- Directed by: Roger S. Omeus Jr.
- Written by: Roger S. Omeus Jr.
- Starring: RayMartell Moore J'Nara Corbin Derrick L. Briggs Eugene Turner Maurice Murrell Ron DeSuze
- Distributed by: TLA Releasing
- Release date: March 3, 2009;
- Running time: 115 minutes
- Country: United States
- Language: English

= Finding Me =

Finding Me is a 2009 drama film directed by Roger S. Omeus Jr. The film was released on March 3, 2009, and stars RayMartell Moore as Faybien Allen, a young gay man who must navigate through a series of complex relationships while dealing with everyday struggles.

==Plot==
Faybien Allen is a young gay man of Haitian descent living in Jersey City.

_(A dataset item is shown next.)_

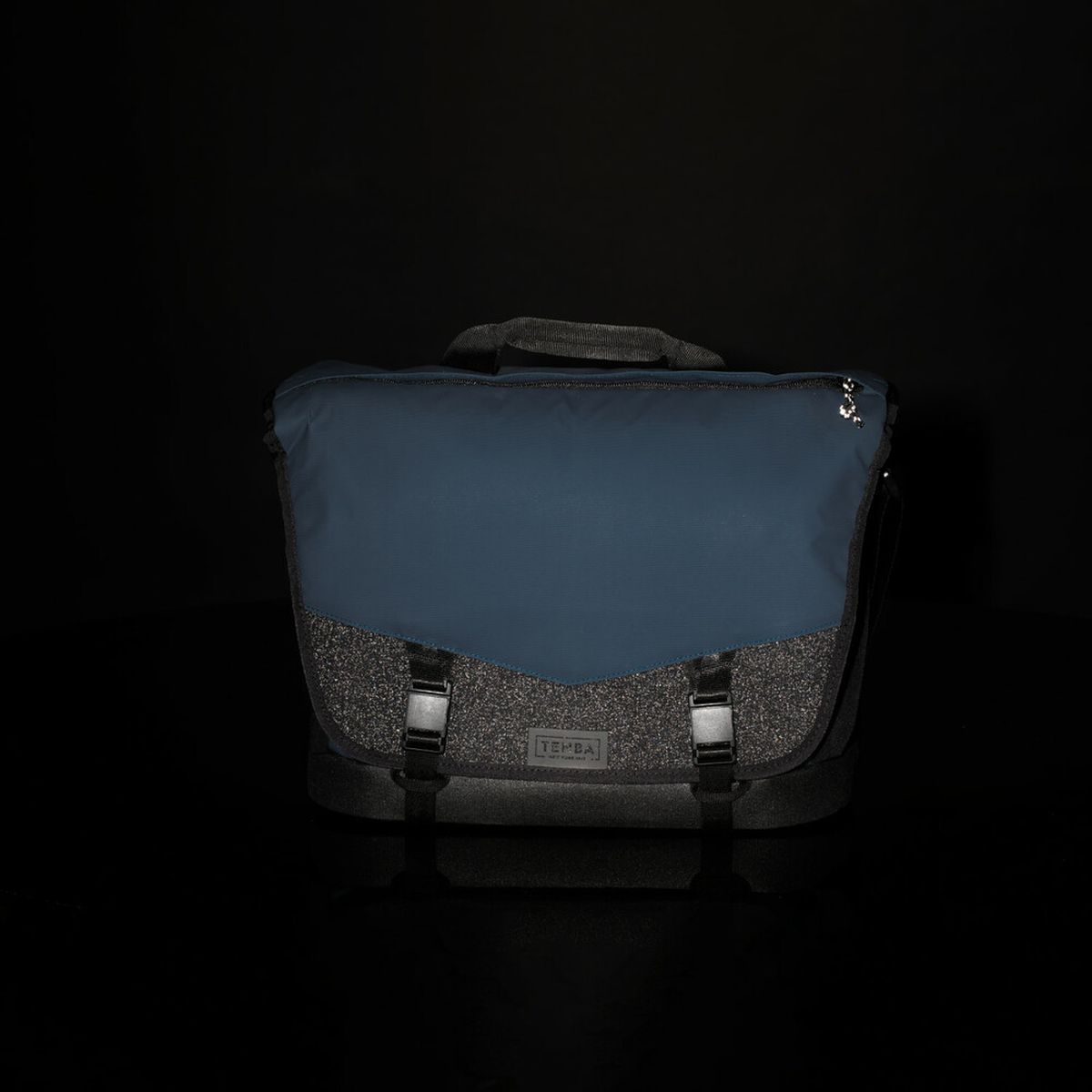 Tenba DNA 13 DSLR Messanger Tasche Blau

Lacking direction in his life, Faybien constantly questions his aspirations as he is not quite sure who he is. Still living at home with his overbearing, homophobic father and grieving the loss of his mother, his self-esteem begins to sink as he works at a dead end job and misses an important job interview. Faybien finds love and support through his friends, Greg Marsh and Amera Jones. Greg, a free-spirited bisexual and an amazing sous chef, is Faybien's best friend. He serves as a voice of reason to Faybien, always telling it like it is through his self-confidence. Amera is an outspoken, aspiring singer with a big heart. She and Greg are polar opposites and bicker as if they were a married couple but both are always there for Faybien in time of need. When Faybien is overwhelmed by the temperament of his father, he finds himself staying with Greg on numerous occasions.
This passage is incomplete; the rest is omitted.